Putting pressure on Trump, House passes bill barring government from doing business with ZTE
The House on Thursday voted to cut off Chinese telecommunications company ZTE from U.S. business dealings, putting pressure on the firm and President Trump.
The measure came as an amendment to the 2019 National Defense Authorization Act (NDAA), which passed on a 351-66 vote, according to Bloomberg, would bar the federal government from using ZTE-made technology and would prevent the Defense Department from renewing contracts with vendors who do business with the company.
The move follows just days after a Senate panel overwhelmingly approved an amendment to block the president on ZTE. The Senate Banking Committee rebuked Trump’s efforts to ease sanctions in an overwhelming and bipartisan 23-2 vote.
The tension between Trump and Congress comes weeks after the president declared his support for ZTE, saying that he supported easing restrictions on the firm as he seeks to hammer out a trade deal.
Earlier this month, Trump tweeted that he was “working together” with China’s Xi Jinping to find a way for ZTE to get “back into business, fast.”
“President Xi of China, and I, are working together to give massive Chinese phone company, ZTE, a way to get back into business, fast.
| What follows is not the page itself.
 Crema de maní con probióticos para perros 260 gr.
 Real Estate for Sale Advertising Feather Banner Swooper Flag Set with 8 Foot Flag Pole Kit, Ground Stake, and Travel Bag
Too many jobs in China lost. Commerce Department has been instructed to get it done!” he tweeted.
After facing harsh criticism for his comments, the president doubled down on his remarks in support of the Chinese firm, which he said is part of his administration’s larger efforts to secure a trade deal with China’s government.
“ZTE, the large Chinese phone company, buys a big percentage of individual parts from U.S. companies. This is also reflective of the larger trade deal we are negotiating with China and my personal relationship with President Xi,” Trump tweeted a day later.
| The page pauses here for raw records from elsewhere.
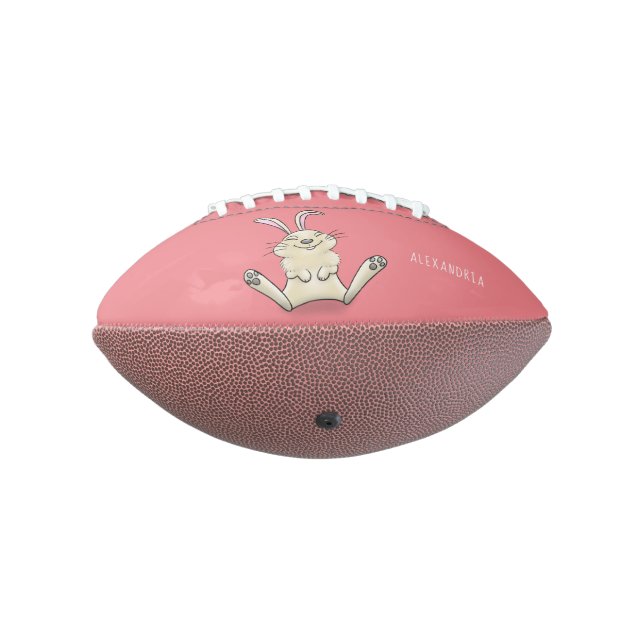 Cute bunny rabbit cartoon illustration football (Rotated 270)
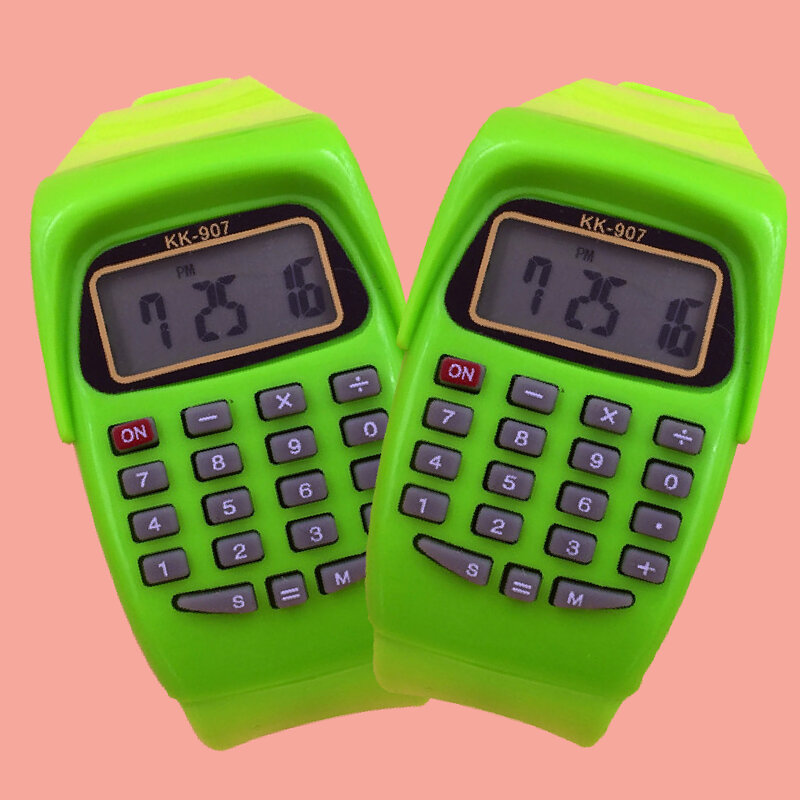 Calculadora Digital colorida con función de reloj LED para niños, calculadora multifunción deportiva de silicona, informal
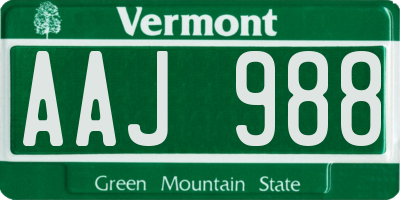 VT license plate AAJ988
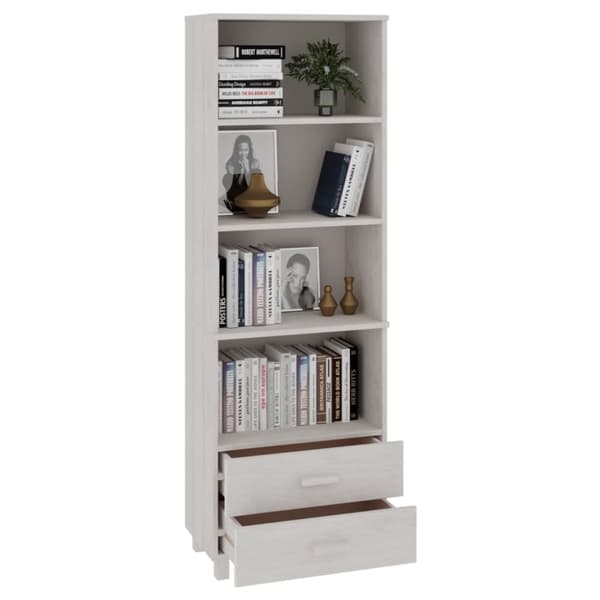 Högskåp HAMAR vit 60x35x180 cm massiv furu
Republicans and Democrats rallied against the president over his remarks in support of ZTE, pointing out national security concerns with the company, which is known to work closely with the Chinese government.
“Problem with ZTE isn’t jobs & trade, it’s national security & espionage,” Sen. Marco Rubio (R-Fla.) tweeted earlier this month. “We are crazy to allow them to operate in U.S. without tighter restrictions.”